▶ REQUIREMENT
Taking the line with "疫情正式开始的时间是几几年（疫情开始的具体时间是什么时候）" as the first and the line with "Обзор пары EUR/USD." as the last, set down the lines below exactly, pictures excluded.

▶ DATA SUPPLIED
■ ■ ■ ■ ■
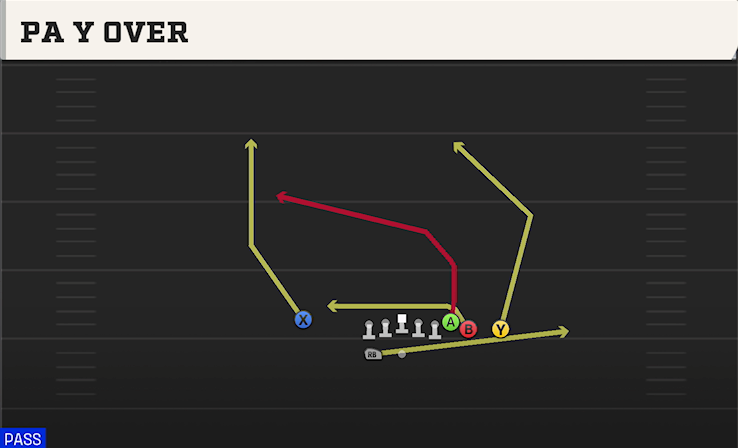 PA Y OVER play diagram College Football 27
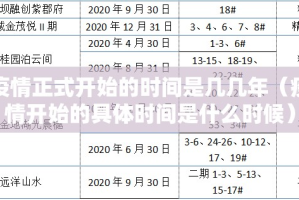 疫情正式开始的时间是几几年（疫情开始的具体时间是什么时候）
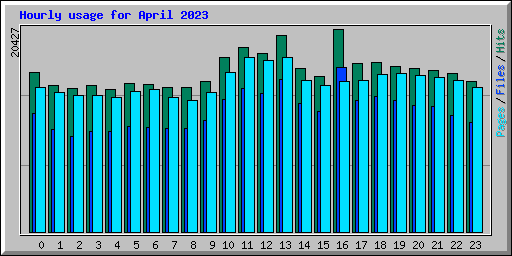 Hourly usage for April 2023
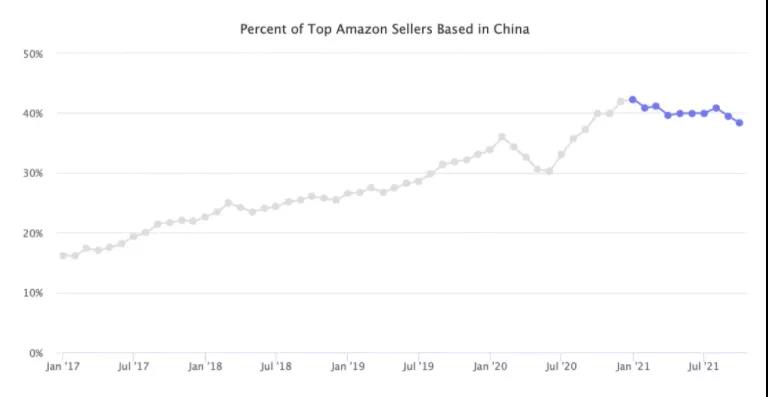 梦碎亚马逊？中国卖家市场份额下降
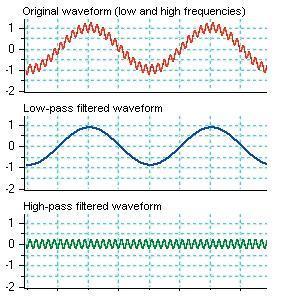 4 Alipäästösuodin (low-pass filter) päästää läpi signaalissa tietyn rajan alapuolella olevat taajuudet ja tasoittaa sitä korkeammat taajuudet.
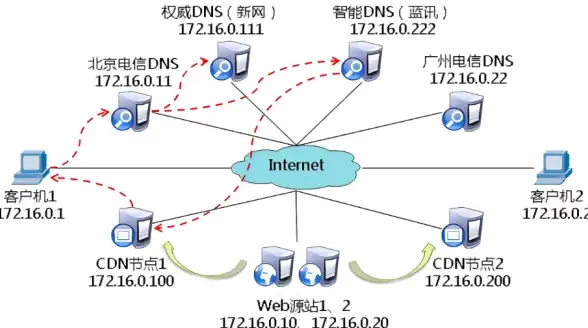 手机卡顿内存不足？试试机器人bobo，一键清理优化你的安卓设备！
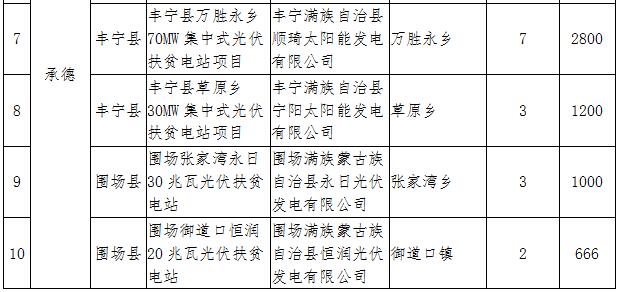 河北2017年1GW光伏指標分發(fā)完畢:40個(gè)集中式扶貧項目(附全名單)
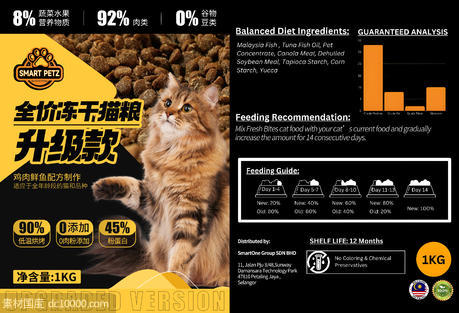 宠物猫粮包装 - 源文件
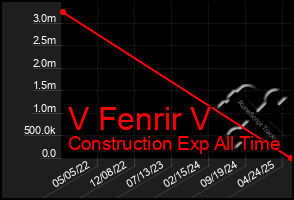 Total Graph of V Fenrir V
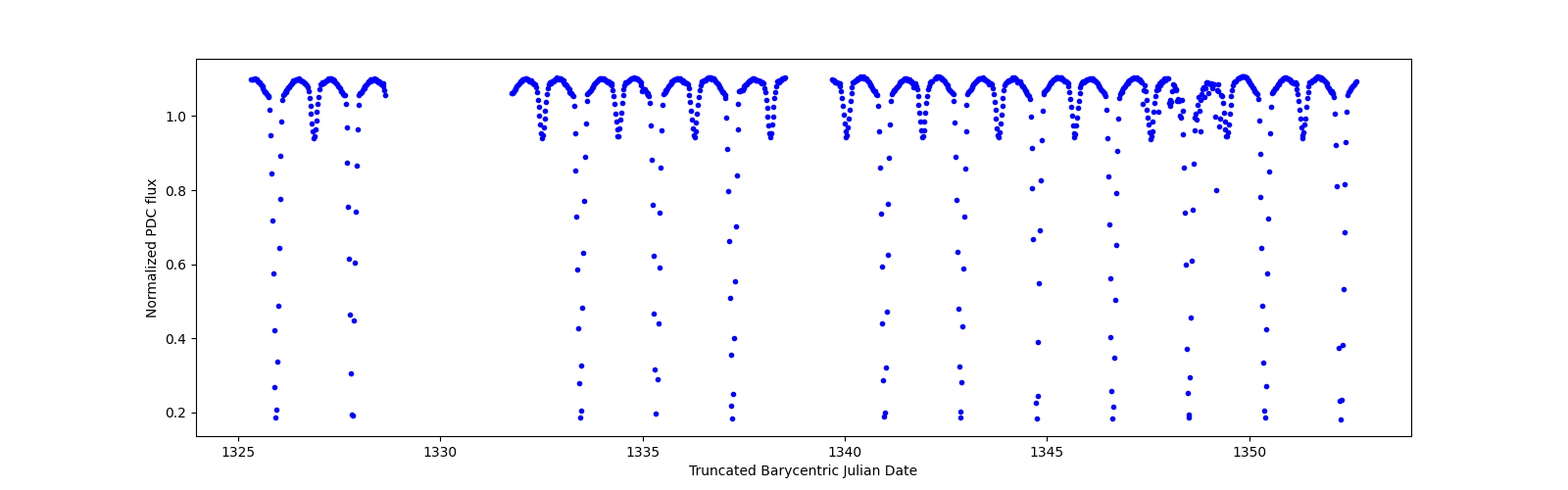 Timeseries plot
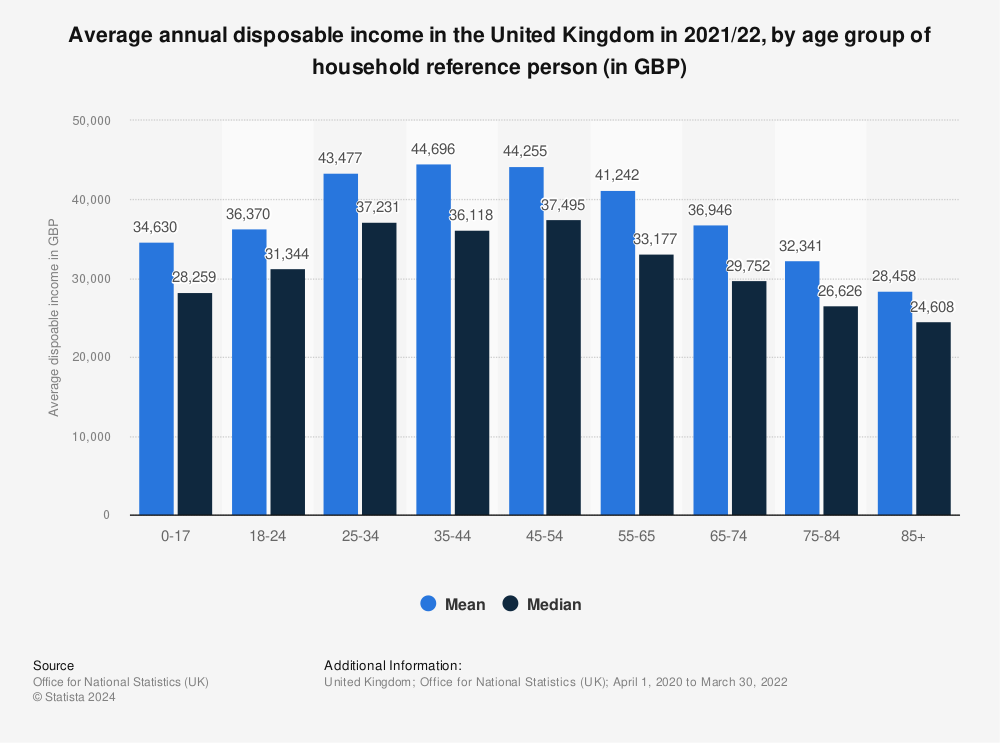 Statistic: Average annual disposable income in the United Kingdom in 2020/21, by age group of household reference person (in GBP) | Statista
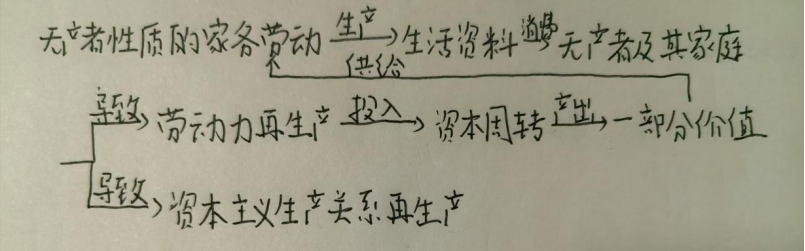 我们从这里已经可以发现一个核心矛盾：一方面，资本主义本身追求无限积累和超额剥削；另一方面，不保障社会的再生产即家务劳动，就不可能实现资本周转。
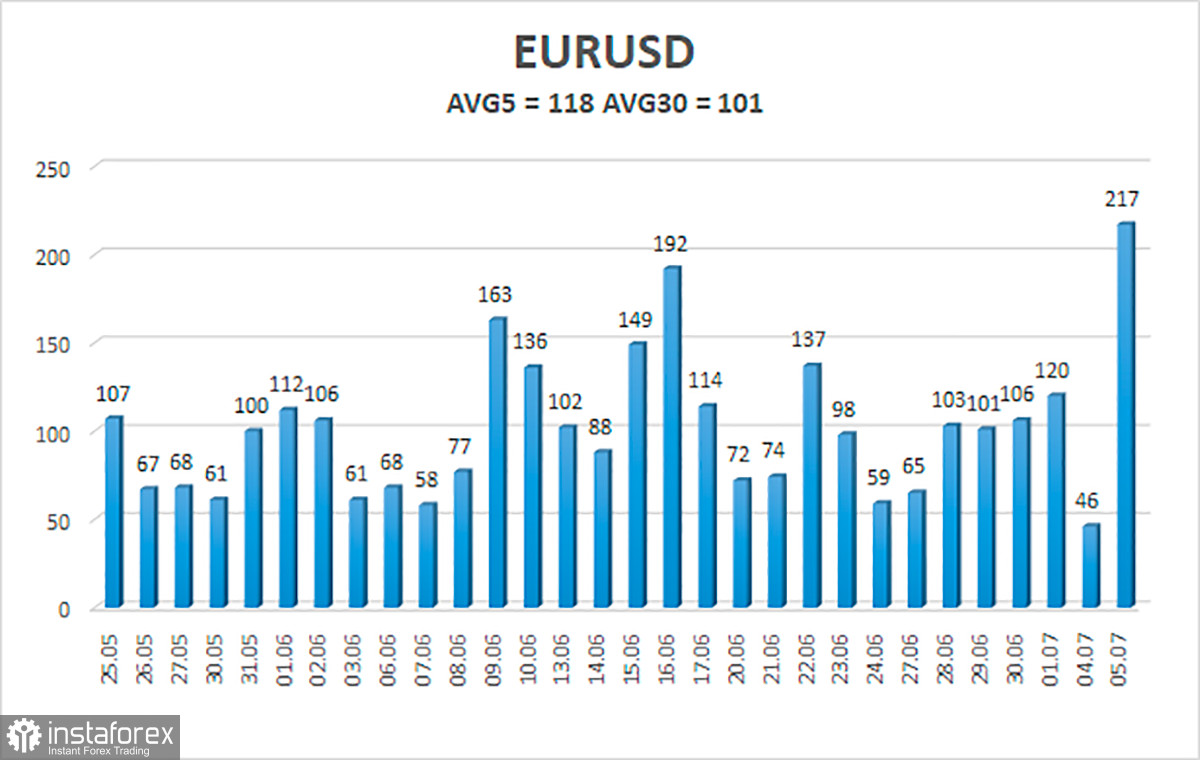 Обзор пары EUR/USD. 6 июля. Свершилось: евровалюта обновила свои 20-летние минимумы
■ ■ ■ ■ ■
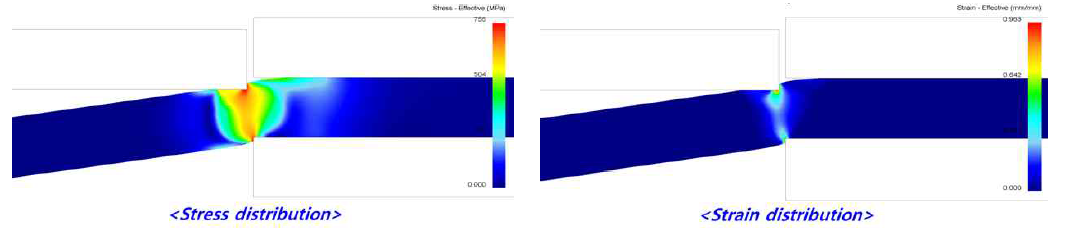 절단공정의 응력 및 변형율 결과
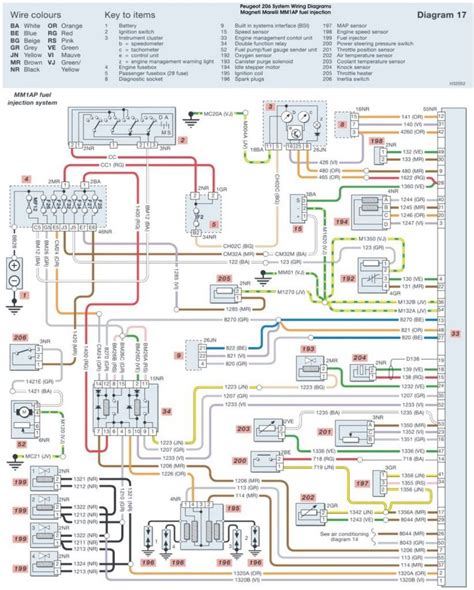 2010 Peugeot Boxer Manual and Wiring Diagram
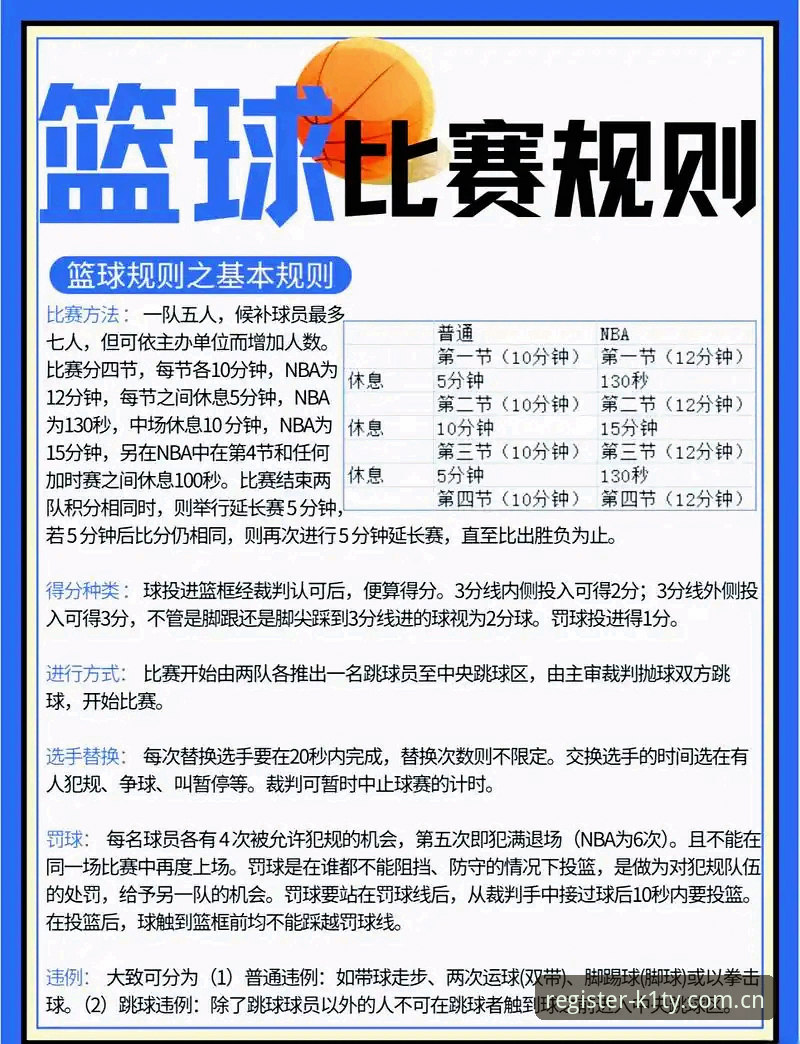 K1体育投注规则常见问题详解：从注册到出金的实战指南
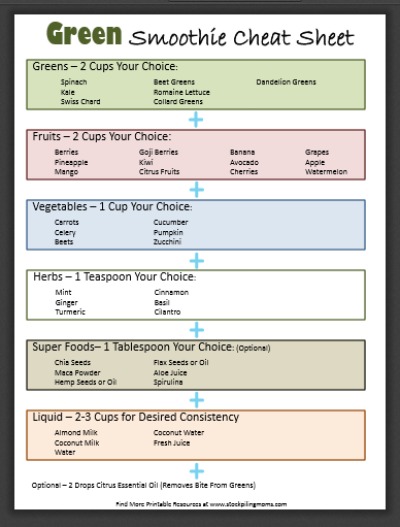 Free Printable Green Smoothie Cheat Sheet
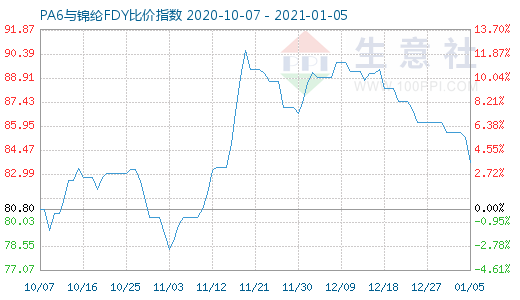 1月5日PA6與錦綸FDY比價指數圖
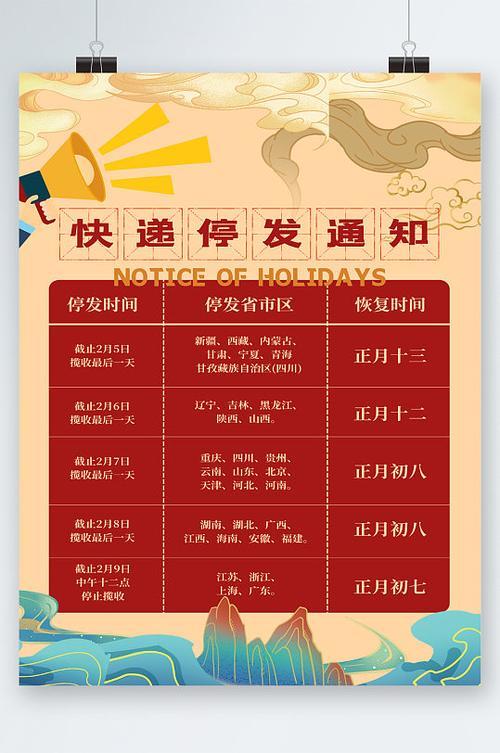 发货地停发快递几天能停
■ ■ ■ ■ ■
▶ EXERCISE OUTPUT
 疫情正式开始的时间是几几年（疫情开始的具体时间是什么时候）
 Hourly usage for April 2023
 梦碎亚马逊？中国卖家市场份额下降
 4 Alipäästösuodin (low-pass filter) päästää läpi signaalissa tietyn rajan alapuolella olevat taajuudet ja tasoittaa sitä korkeammat taajuudet.
 手机卡顿内存不足？试试机器人bobo，一键清理优化你的安卓设备！
 河北2017年1GW光伏指標分發(fā)完畢:40個(gè)集中式扶貧項目(附全名單)
 宠物猫粮包装 - 源文件
 Total Graph of V Fenrir V
 Timeseries plot
 Statistic: Average annual disposable income in the United Kingdom in 2020/21, by age group of household reference person (in GBP) | Statista
 我们从这里已经可以发现一个核心矛盾：一方面，资本主义本身追求无限积累和超额剥削；另一方面，不保障社会的再生产即家务劳动，就不可能实现资本周转。
 Обзор пары EUR/USD. 6 июля. Свершилось: евровалюта обновила свои 20-летние минимумы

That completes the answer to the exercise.